What you need to do: Of all the entries below, only the lines from the one with "Spoonflower Gray Flannel" up to and including the one with "Scribbled chaotic strokes pattern" are to be duplicated exactly.
○ ○ ○ ○
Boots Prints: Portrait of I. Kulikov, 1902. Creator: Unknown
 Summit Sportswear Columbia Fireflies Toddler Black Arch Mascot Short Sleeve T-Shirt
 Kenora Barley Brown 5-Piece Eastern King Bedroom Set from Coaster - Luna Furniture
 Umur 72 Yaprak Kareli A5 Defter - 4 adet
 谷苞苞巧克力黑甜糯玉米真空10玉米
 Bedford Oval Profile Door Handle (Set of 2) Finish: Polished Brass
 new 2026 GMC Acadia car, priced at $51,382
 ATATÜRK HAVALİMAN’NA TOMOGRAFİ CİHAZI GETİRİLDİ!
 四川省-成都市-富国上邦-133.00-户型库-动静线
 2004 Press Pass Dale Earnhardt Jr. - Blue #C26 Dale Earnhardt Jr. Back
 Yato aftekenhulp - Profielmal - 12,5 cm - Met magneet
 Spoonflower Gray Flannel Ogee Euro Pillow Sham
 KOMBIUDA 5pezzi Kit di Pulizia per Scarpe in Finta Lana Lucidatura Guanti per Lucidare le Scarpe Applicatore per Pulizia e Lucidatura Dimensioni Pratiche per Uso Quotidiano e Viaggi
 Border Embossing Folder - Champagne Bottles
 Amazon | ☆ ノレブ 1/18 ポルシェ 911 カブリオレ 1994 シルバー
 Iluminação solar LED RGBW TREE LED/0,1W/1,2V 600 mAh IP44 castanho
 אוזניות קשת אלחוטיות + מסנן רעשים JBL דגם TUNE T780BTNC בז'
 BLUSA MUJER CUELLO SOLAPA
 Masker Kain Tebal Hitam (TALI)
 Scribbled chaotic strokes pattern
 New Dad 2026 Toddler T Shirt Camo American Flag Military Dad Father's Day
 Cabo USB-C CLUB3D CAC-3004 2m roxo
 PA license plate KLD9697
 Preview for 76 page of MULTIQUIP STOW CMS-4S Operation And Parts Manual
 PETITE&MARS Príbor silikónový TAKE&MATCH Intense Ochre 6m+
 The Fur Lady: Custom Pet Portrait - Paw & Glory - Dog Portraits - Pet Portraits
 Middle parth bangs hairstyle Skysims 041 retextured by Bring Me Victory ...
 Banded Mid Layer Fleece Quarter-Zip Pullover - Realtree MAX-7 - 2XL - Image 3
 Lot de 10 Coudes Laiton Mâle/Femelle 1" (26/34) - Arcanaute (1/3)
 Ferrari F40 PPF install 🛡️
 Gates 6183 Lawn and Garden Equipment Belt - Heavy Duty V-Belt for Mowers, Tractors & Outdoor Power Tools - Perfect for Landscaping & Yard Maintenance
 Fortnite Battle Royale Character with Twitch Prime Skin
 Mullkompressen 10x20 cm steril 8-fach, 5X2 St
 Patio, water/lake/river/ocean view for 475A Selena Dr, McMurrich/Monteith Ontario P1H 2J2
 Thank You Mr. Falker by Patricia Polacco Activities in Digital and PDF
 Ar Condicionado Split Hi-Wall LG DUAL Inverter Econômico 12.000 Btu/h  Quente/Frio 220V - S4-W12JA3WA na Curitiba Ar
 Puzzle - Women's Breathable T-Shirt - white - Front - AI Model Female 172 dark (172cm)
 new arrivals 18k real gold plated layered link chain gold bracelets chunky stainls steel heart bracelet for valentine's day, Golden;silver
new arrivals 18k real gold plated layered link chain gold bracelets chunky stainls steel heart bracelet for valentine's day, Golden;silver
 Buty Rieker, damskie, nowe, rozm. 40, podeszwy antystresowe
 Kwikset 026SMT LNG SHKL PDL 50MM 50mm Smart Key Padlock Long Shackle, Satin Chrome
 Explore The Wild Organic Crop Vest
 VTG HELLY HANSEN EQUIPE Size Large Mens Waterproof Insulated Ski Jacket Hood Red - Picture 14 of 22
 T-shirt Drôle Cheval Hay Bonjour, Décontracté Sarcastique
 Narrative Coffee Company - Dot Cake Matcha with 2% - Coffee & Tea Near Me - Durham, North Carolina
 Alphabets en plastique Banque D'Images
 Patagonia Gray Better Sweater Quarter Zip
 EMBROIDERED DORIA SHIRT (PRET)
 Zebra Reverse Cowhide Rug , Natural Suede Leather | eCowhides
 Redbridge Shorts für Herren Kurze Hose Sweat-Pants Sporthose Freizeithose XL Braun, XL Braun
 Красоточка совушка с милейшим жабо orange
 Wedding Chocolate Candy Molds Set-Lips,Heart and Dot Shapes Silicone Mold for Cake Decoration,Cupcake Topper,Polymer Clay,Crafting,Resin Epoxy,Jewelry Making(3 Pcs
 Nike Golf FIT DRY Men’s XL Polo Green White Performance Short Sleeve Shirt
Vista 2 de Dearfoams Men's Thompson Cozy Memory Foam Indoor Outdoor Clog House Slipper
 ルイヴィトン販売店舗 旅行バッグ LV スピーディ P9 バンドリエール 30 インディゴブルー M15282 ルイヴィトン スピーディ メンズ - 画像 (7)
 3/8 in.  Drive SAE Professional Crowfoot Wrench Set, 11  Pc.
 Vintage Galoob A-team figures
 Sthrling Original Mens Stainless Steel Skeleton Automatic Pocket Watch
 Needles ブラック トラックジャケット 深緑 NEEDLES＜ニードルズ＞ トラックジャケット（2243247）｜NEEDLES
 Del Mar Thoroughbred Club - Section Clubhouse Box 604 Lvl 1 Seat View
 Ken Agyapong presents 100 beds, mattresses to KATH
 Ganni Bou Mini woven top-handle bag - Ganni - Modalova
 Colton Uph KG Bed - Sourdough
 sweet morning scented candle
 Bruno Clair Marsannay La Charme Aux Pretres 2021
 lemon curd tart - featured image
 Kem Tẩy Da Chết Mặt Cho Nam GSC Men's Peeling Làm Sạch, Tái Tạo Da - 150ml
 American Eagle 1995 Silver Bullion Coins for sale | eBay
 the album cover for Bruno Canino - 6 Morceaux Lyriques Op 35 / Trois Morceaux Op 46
○ ○ ○ ○
Solution to this problem:
 Spoonflower Gray Flannel Ogee Euro Pillow Sham
 KOMBIUDA 5pezzi Kit di Pulizia per Scarpe in Finta Lana Lucidatura Guanti per Lucidare le Scarpe Applicatore per Pulizia e Lucidatura Dimensioni Pratiche per Uso Quotidiano e Viaggi
 Border Embossing Folder - Champagne Bottles
 Amazon | ☆ ノレブ 1/18 ポルシェ 911 カブリオレ 1994 シルバー
 Iluminação solar LED RGBW TREE LED/0,1W/1,2V 600 mAh IP44 castanho
 אוזניות קשת אלחוטיות + מסנן רעשים JBL דגם TUNE T780BTNC בז'
 BLUSA MUJER CUELLO SOLAPA
 Masker Kain Tebal Hitam (TALI)
 Scribbled chaotic strokes pattern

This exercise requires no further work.